I might be wrong please correct me,but i've seen similar fish displayed in fish market in Brussel Belgium and seafood restaurant in Venice Italy.My brother said they are very good eating and pretty expensive.I think the meat is white


----------



## bluefish1928

DougVNg said:


> I might be wrong please correct me,but i've seen similar fish displayed in fish market in Brussel Belgium and seafood restaurant in Venice Italy.My brother said they are very good eating and pretty expensive.I think the meat is white


Seriously, with a lot of foods, it all about culture/traditions.
If you are not used to eating something, it is likely you will never bother to try it.

Honestly, I think ribbon fish tastes better than half the usual list of best tasting saltwater fish.

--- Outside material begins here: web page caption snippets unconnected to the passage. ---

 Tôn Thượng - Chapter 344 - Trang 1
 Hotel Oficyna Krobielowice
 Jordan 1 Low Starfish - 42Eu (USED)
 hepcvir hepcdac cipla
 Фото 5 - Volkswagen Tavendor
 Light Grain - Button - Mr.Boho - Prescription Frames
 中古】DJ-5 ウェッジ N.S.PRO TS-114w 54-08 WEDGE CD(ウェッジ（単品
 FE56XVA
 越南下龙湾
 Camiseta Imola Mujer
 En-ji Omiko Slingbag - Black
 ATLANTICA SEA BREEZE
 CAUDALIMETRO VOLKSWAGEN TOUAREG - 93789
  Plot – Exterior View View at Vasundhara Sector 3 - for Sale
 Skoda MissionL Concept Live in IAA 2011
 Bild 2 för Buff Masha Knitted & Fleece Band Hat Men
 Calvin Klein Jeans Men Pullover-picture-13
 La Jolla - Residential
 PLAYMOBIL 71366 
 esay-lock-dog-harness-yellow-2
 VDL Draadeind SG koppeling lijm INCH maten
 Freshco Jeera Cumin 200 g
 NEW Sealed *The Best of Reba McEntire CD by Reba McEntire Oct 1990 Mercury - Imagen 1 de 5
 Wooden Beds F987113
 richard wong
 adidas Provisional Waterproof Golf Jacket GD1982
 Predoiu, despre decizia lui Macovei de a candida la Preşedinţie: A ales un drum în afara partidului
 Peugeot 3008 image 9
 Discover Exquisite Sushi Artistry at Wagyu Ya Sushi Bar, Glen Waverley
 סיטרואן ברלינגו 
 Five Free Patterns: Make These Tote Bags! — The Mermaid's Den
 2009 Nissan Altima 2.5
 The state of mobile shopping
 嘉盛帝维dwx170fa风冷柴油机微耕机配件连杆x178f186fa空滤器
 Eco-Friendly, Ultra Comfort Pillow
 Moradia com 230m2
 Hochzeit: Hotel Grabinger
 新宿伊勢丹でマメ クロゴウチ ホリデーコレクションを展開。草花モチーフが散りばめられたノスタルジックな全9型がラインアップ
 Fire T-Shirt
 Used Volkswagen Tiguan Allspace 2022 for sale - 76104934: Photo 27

I never understood the white flesh craze either. To me, it is about the texture of the flesh not the color nor popularity.
Another fish that I find tasty and no one else bothers with is the lizard fish. Eel is also very tasty.
Now with pinfish and ladyfish, those two are just bait because I dont like the texture plus pinfish are sometimes bitter tasting.


----------



## wdbrand

At a local fleamarket in Roanoke Va., I stopped in on a thru trip and the local Asian seafood vendor set up there had fat alberts at a big price. Told him they were trash fish. Said good fish. Wanted more. Also had anything he could get with scales or skin on it. To each their own.


----------